Ausgelöst wurde das sportliche Zwischentief durch den Ausfall von Stammkeeper Max Göcke. Der hatte sich im Derby beim TB eine Knieverletzung zugezogen, womit die wohl standhafteste Säule im fragilen TVB-Gebilde wegbrach. „Dieser Ausfall war nicht so ohne Weiteres zu kompensieren“, verriet Rüschhoff nichts wirklich Überraschendes.

Die Borghorster reagierten auf die Verletzung ihres Leistungsträgers, indem sie mit Julian Schulz einen Youngster aus der B-Jugend (!) beförderten und ihn ins kalte Wasser warfen.
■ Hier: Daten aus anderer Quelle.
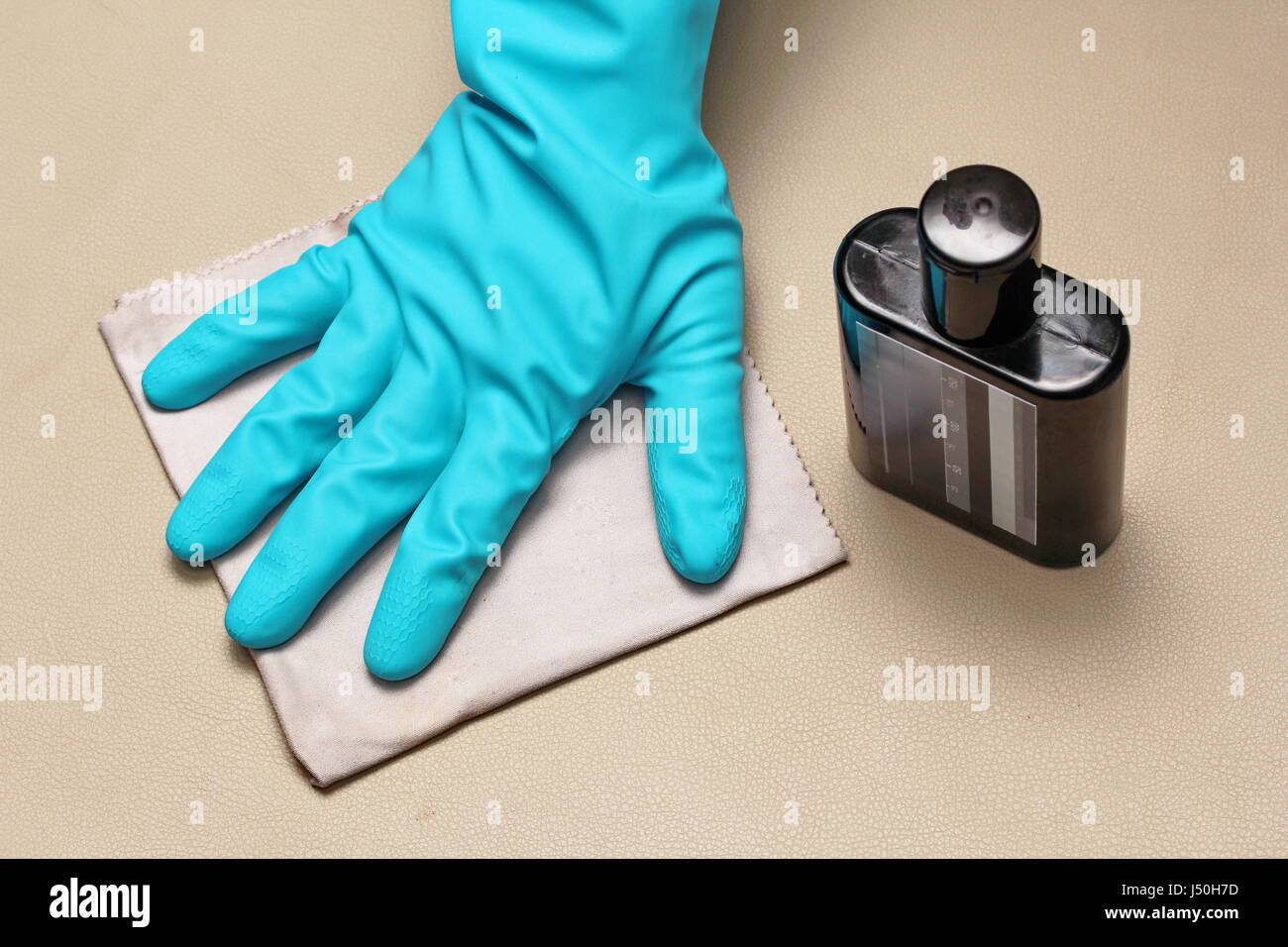 Tragen Sie Gummihandschuhe und rieb sauber Lederwaren durch Chemisches Polieren mit einem Mikrofasertuch. Stockfoto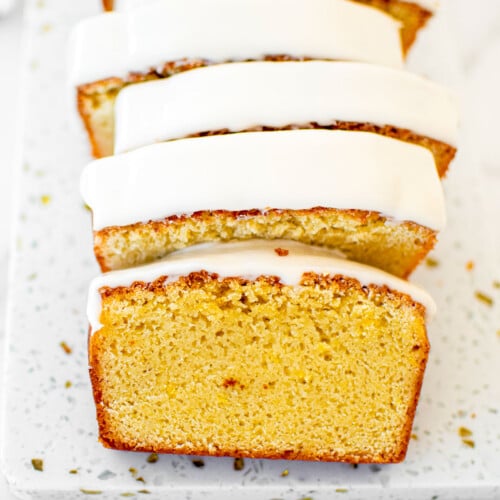 meyer lemon pound cake loaf sliced into slices on a white marble cutting board.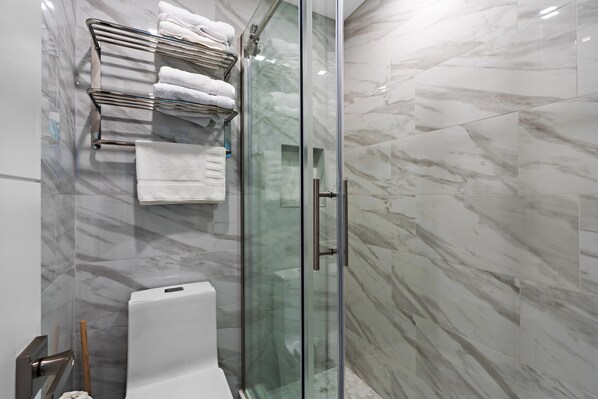 A modern bathroom with a glass shower enclosure, a white toilet, and a towel rack with folded towels.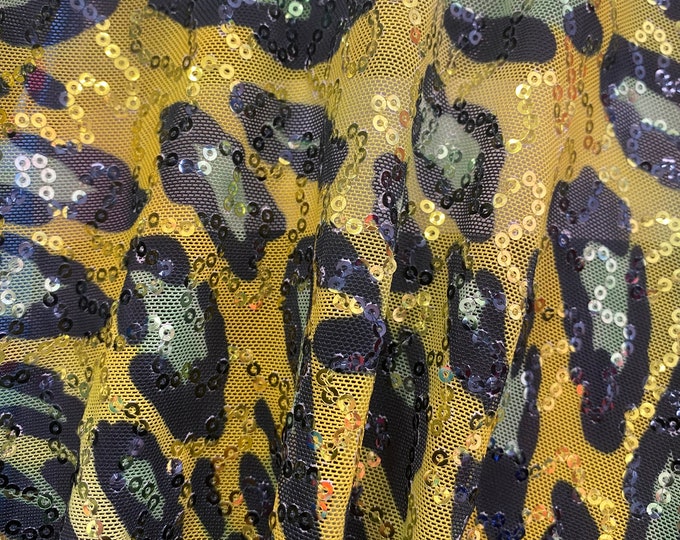 Gold leopard stretch lace with sequins all around 58” wide
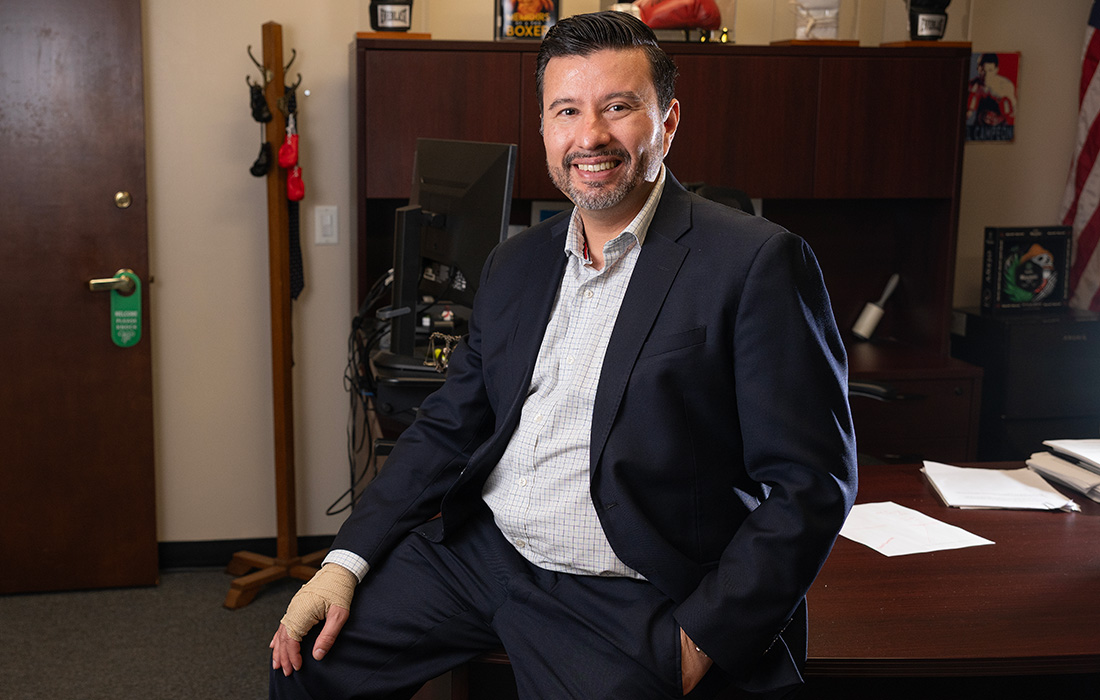 Louie Ruiz sitting on his desk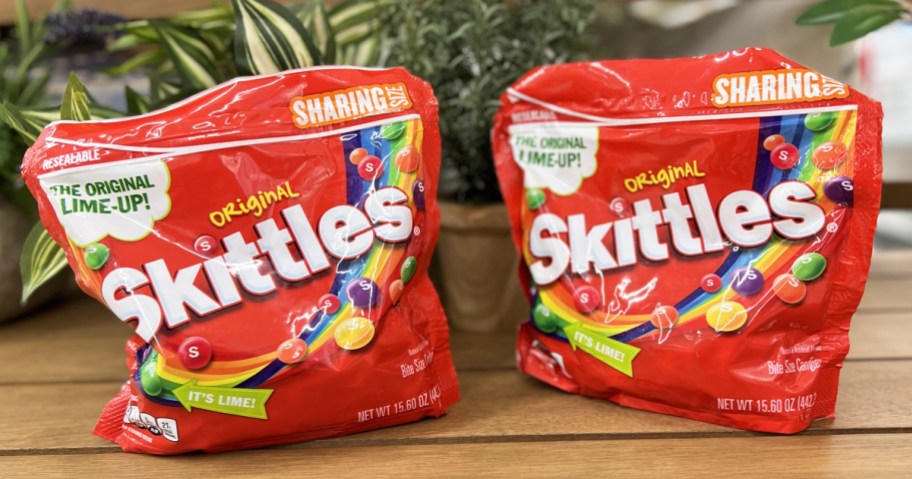 two large red bags of skittles candies on wood table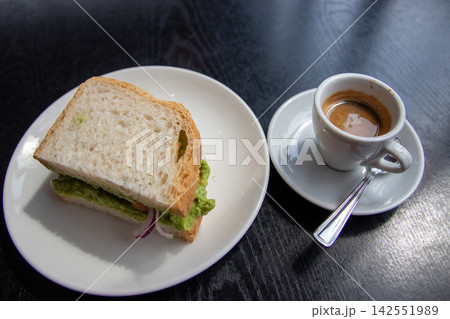 Avocado sandwich served with a cup of espresso 142551989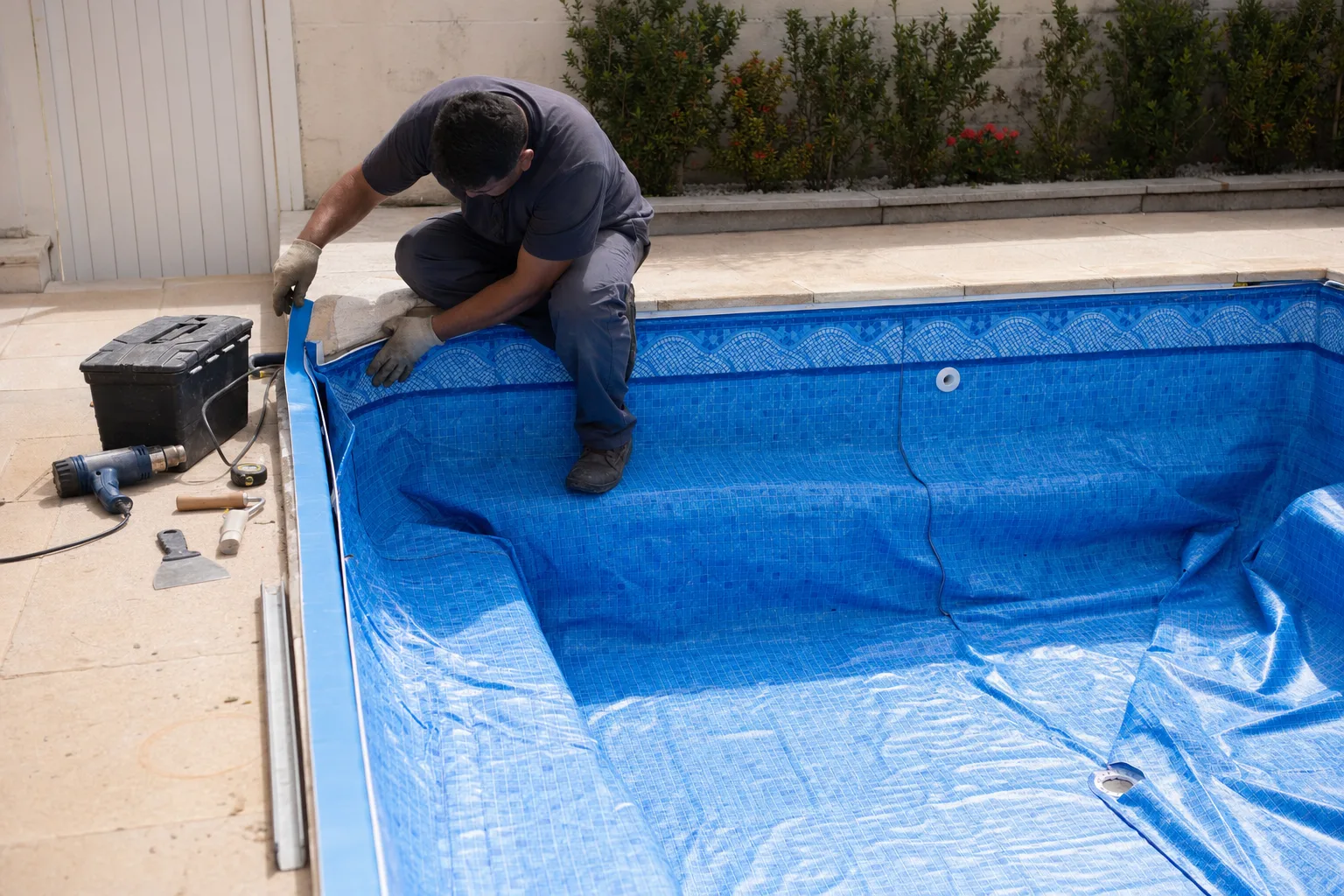 Técnico instalando manta de vinil azul em piscina residencial com ferramentas ao lado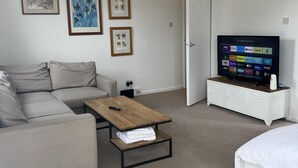 Ett modernt vardagsrum med en soffa, ett soffbord, en tv på ett tv-bord och en säng.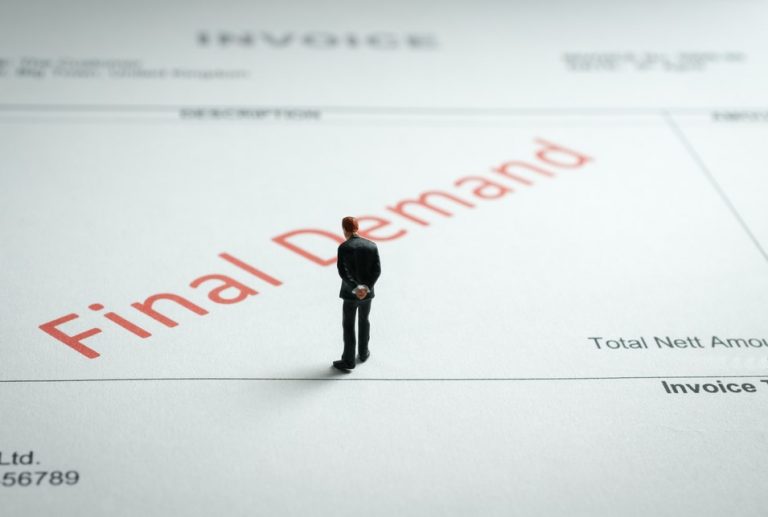 Man looking at a bill for a Community Infrastructure Levy fees for small developers property118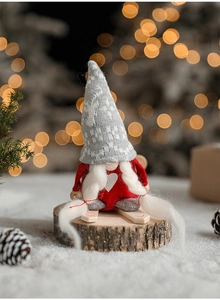 Close-up of a festive Christmas gnome on wooden base with knit hat and ski details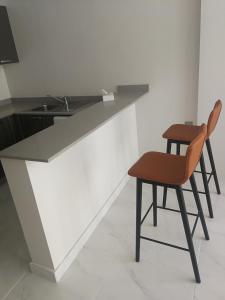 朱菲尔Infinity Juffair Suites的厨房配有带椅子和桌子的柜台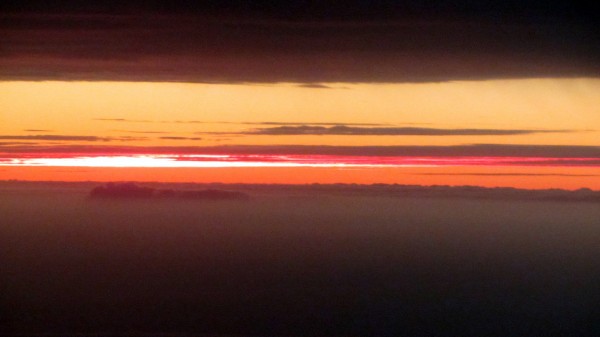 A rare view: Sunlit high-altitude clouds in the distance, seen between two layers of clouds nearby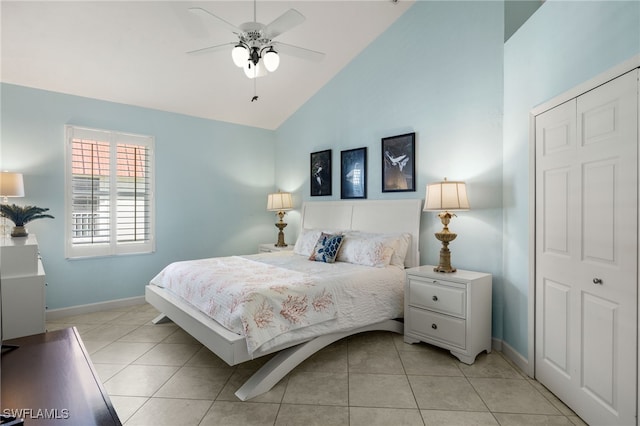 tiled bedroom with ceiling fan, high vaulted ceiling, and a closet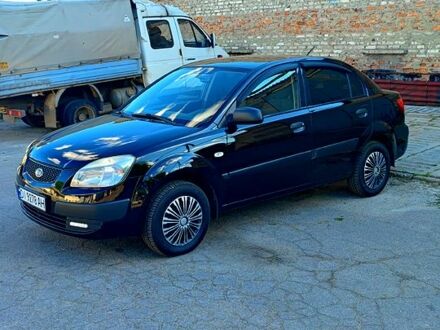 Чорний Кіа Ріо, об'ємом двигуна 1.4 л та пробігом 260 тис. км за 3100 $, фото 1 на Automoto.ua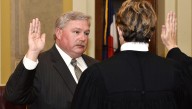 Pueblo city, county leaders call on embattled coroner Cotter to resign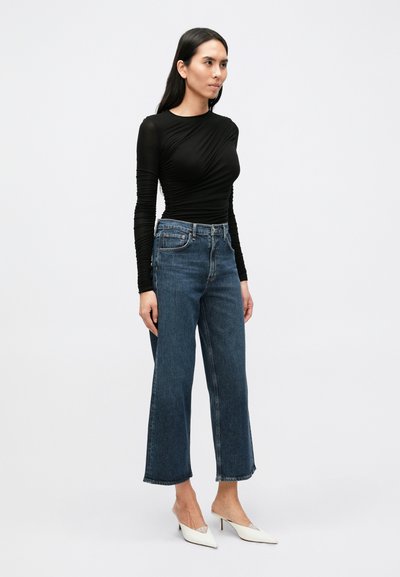 Črna dolgimi rokavi s podrobnostmi nabiranja, kombinirana z modrimi kavbojkami z visokim pasom in širokimi nogami ter belimi mule čevlji s koničastim nosom.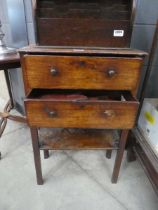 Fruitwood two drawer cabinet with a quantity of brushes, gloves and umbrellas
Der machte seine Sache gut und ließ erkennen, dass er sicherlich eine Option für die Zukunft ist. Klar ist aber auch, dass ein 17-Jähriger eine starke Leitfigur benötigt, in dessen Schatten er sich ohne Leistungsdruck entwickeln kann. Zumindest in dieser Hinsicht können die Borghorster aufatmen. Denn jüngst gab Göcke Entwarnung. Er kommt um eine Operation herum und darf sogar wieder Sport betreiben. Und da mit Fabian Berges auch der zweite Torhüter nach Anbruch der Semesterferien zum TVB zurückgekehrt ist, bieten sich Rüschhoff im Tor wieder einige Alternativen.

Gleichwohl kommt der Coach in realistischer Einschätzung der Kräfteverhältnisse zu dem grundsätzlichen Fazit, „dass im Moment nur vier bis fünf Spieler in unseren Reihen stehen, die Bezirksliga-Niveau haben. Die anderen zehn haben derzeit nur Kreisligaformat.“ Und wenn man bedenkt, dass die Leistungsstärke der Bezirksliga durch die Zusammenführung der Euregio- und der Münster-Staffel im vergangenen Herbst gewachsen ist und der TVB sich für die neue Liga erst in der Relegation gegen GW Nottuln qualifizieren konnte, stand schon vor dem ersten Ballwechsel fest, dass es für den TVB in der laufenden Saison nur um eines gehen kann: den Klassenerhalt. Jegliche andere Einschätzung wäre eine Verkennung der Tatsachen.

„Wir stehen im Moment genau da, wo ich es vor Saisonbeginn erwartet hatte“, sieht Rüschhoff seine Mannschaft durchaus im Plan. Immerhin rangieren mit der „Dritten“ des TV Emsdetten oder der HSG Preußen/Borussia Münster Mannschaften hinter dem TVB, die es auf Distanz zu halten gilt. Dem Spiel bei Schlusslicht HSG Gremmendorf/Angelmodde am Samstag kommt in jedem Fall wegweisende Bedeutung zu.